(WHAT THE TASK ASKS):
The lines to extract begin at the line that contains "Испания. Мадрид. Памятник Дон Кихота" and run through the last line of the listing; reproduce them exactly, minus any pictures.

GIVEN INFORMATION section start

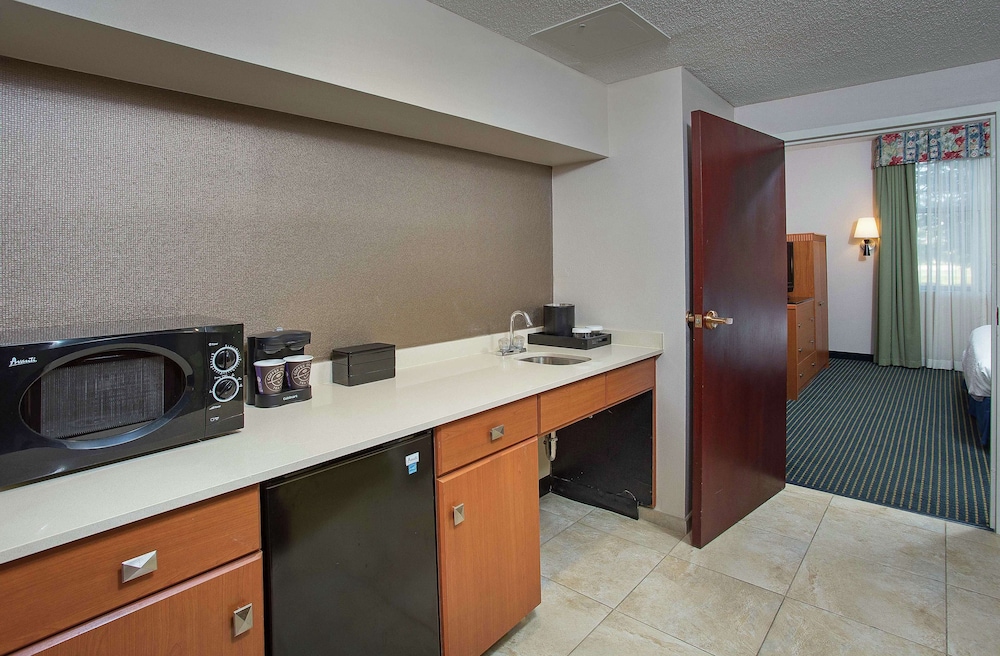 Embassy Suites by Hilton Lexington UK Coldstream - photo 28
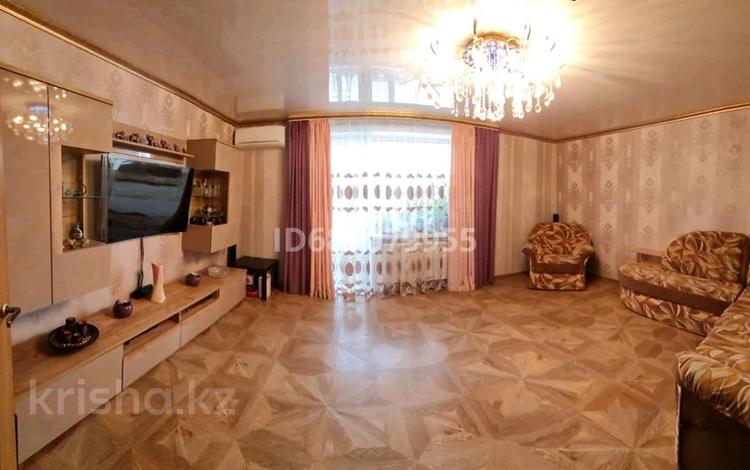 2-комнатная квартира, 81 м², 5/5 этаж, Валиханова 46 за 32.4 млн 〒 в Петропавловске — фото 7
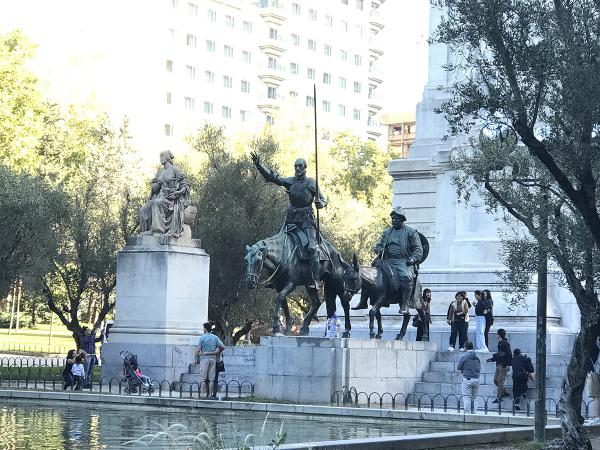 Испания. Мадрид. Памятник Дон Кихота
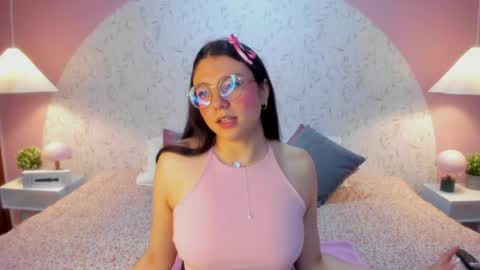 Snapshot of angelie_rosebrm chatting on 12, 4, 2026 Angelica online show from 12, 4, 2026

GIVEN INFORMATION section end

(SOLUTION TO THIS TASK):
 Испания. Мадрид. Памятник Дон Кихота
 Snapshot of angelie_rosebrm chatting on 12, 4, 2026 Angelica online show from 12, 4, 2026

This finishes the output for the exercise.